Task to carry out: Write out the line with "Fried chicken legs with spices and rosemary" and each line after it to the end of the material, exactly as they appear and with nothing else.

*** The data ***

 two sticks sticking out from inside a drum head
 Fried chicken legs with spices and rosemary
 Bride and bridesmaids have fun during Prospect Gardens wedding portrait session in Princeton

*** End of The data ***

Finished exercise:
 Fried chicken legs with spices and rosemary
 Bride and bridesmaids have fun during Prospect Gardens wedding portrait session in Princeton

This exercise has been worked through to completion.